Experts on the local property market have said they expect to see prices fall during the final months of this year but demand is tipped to increasingly out-strip supply as 2012 unfolds.
Marc Townsend, managing director of CBRE’s Vietnamese operations, explained in an interview with Bloomberg that new office developments in the city are not currently being financed on the scale of recent years as demand and rental rates have declined.
“The decline in rents is very painful for people who borrowed large amounts of money to develop property over the last three years,” Townsend said. “But we don’t expect to see many new projects because very few banks will look at loans now for property.”
He suggested that Ho Chi Minh City, Vietnam’s largest city, should see a decline of roughly 5 per cent in its office space prices before their slump is over, which should help the city compete more effectively for investment with some of its main rivals in the region, including the likes of Bangkok and Jakarta.
There was a major rush to develop new office space in Ho Chi Minh City in the years prior to the 2008 financial crisis but the final few projects commissioned during that time are poised to come onto the market.
CBRE’s latest figures suggest that the typical asking price on offices in Ho Chi Minh City during the third quarter of 2011 was between 7 per cent and 9 per cent lower than those being proposed in the same period a year ago.
Ho Chi Minh City used to be known as Saigon and it is the driving force behind the Vietnamese economy, which the International Monetary Fund recently predicted will grow by 6.3 percent over the course of 2012.
Editor’s notes: In Q1 2023, amid economic uncertainty, it was found that office leasing activity in HCMC dropped yet rental rates remained relatively stable which was a pattern observed across many cities globally. This was due to the occupiers that were indeed active, seeking high-quality space that delivered ESG credentials.
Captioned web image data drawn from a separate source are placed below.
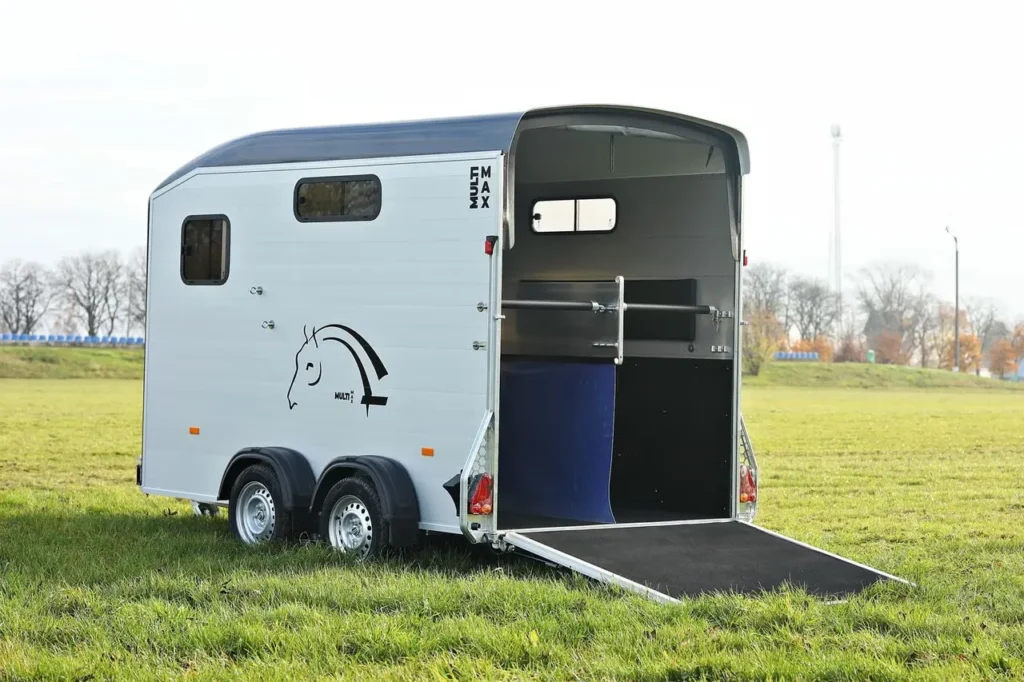Cheval Liberté Multimax - 2 Pferde Diagonallader Frontausstieg Pullman2 Sattelkammer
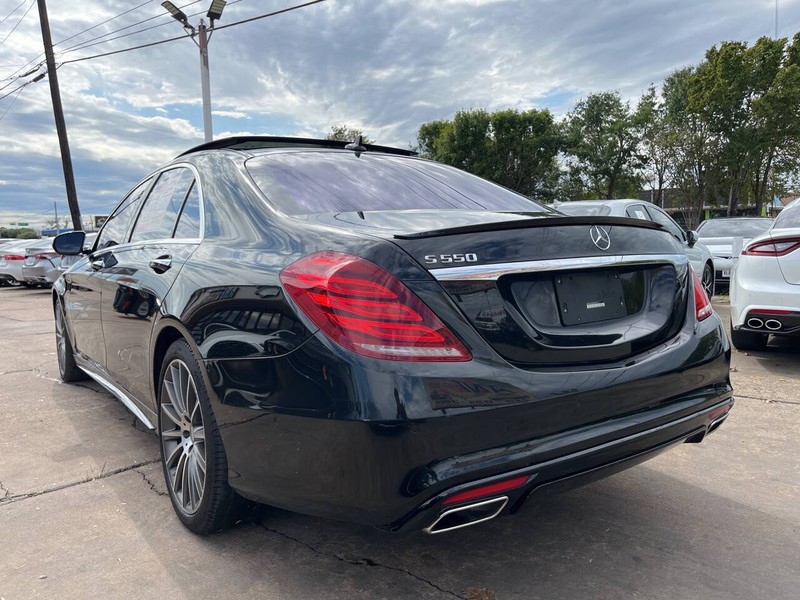 Mercedes-Benz S-Class Vehicle Image 03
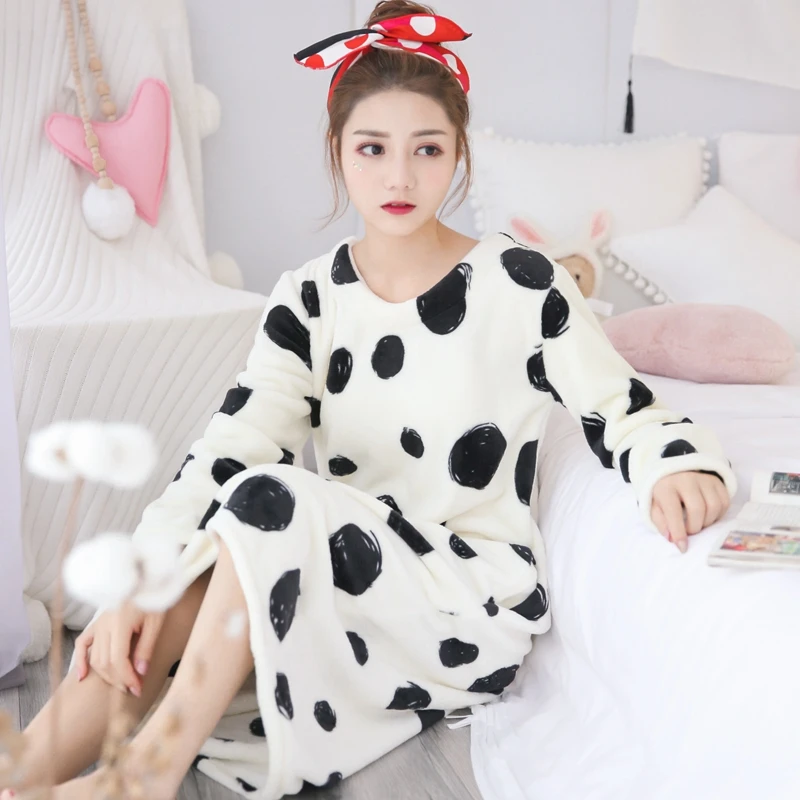 2018 Winter Women Thick Warm Cow Print Flannel Nightgowns Long Sleeve Coral Velvet Night Dress Sleepwear Femme Nightdress Nighty
2018 Winter Women Thick Warm Cow Print Flannel Nightgowns Long Sleeve Coral Velvet Night Dress Sleepwear Femme Nightdress Nighty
The net effective rent in the city stood at USD 30.5 per square metre per month which represented a 0.1 per cent decrease q-o-q and a -0.5 per cent drop y-o-y.
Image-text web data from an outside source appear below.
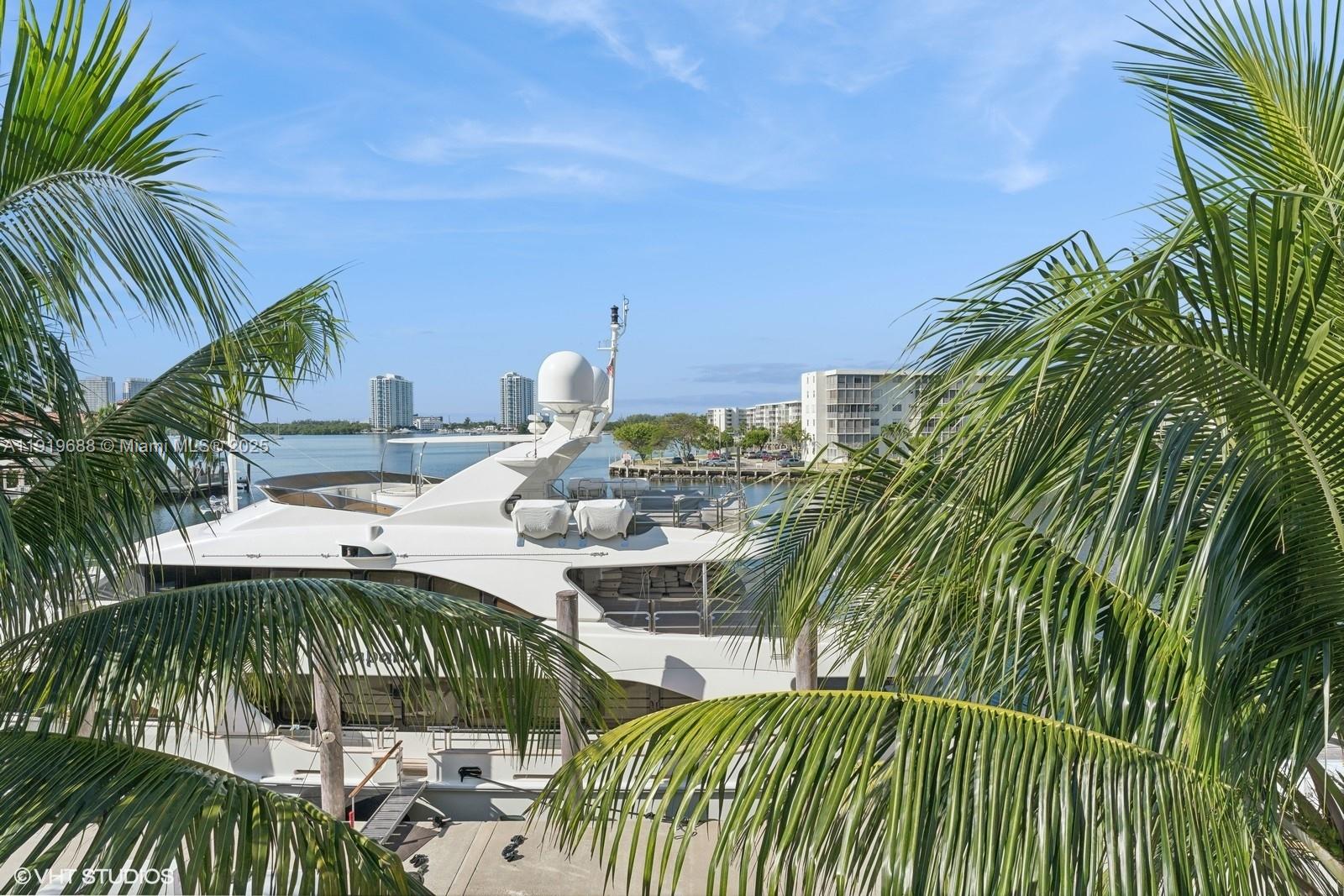 1000 ISL BLVD WILLIAMS IS - Residential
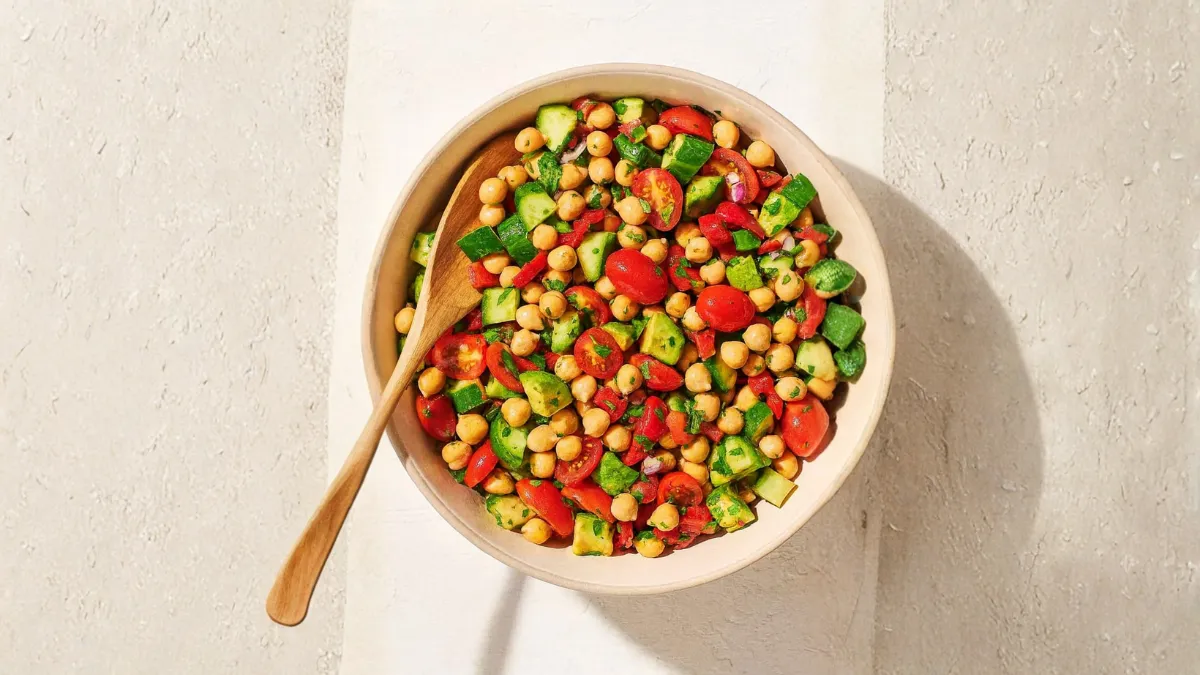 Mediterranean Chickpea Salad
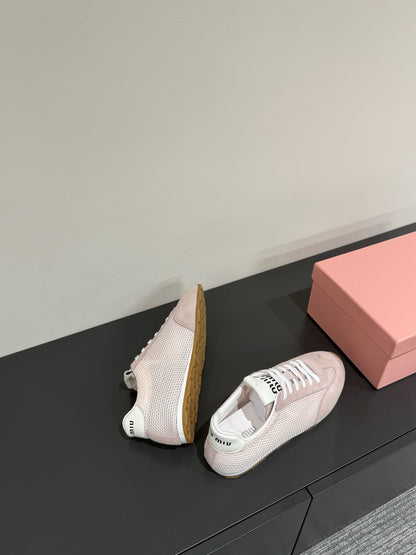 RETRO SNEAKERS IN PASTEL PINK MESH AND SUEDE
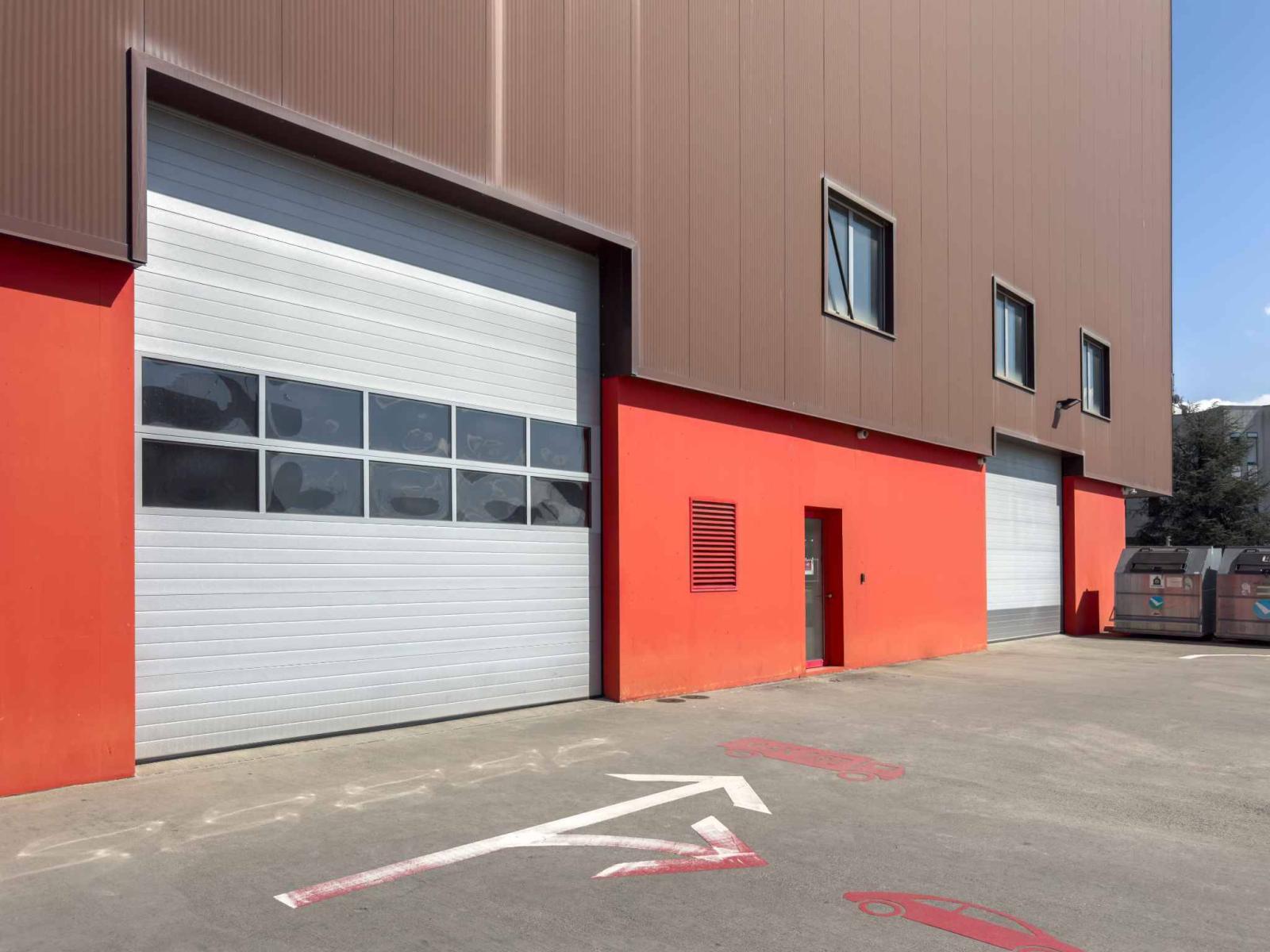 Magnifique dépôt Logistique de 1'000m² avec Quais de Déchargement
333,387 square metres of new office stock was due to complete in the proceeding two years, representing a 23 per cent increase in total inventory with the first new projects expected to come online in Q2 of 2023.
It was expected that this would make the market more favourable for tenants. However, as seen in many locations worldwide, this could have meant that headline rents would remain stable whilst tenant incentives increased.
Vietnam’s Gross Domestic Product (GDP) in 2023 increased by 3.32 per cent y-o-y and, in the first quarter of 2023, the IMF projected that Vietnam’s GDP would grow by 5.8 per cent over the year.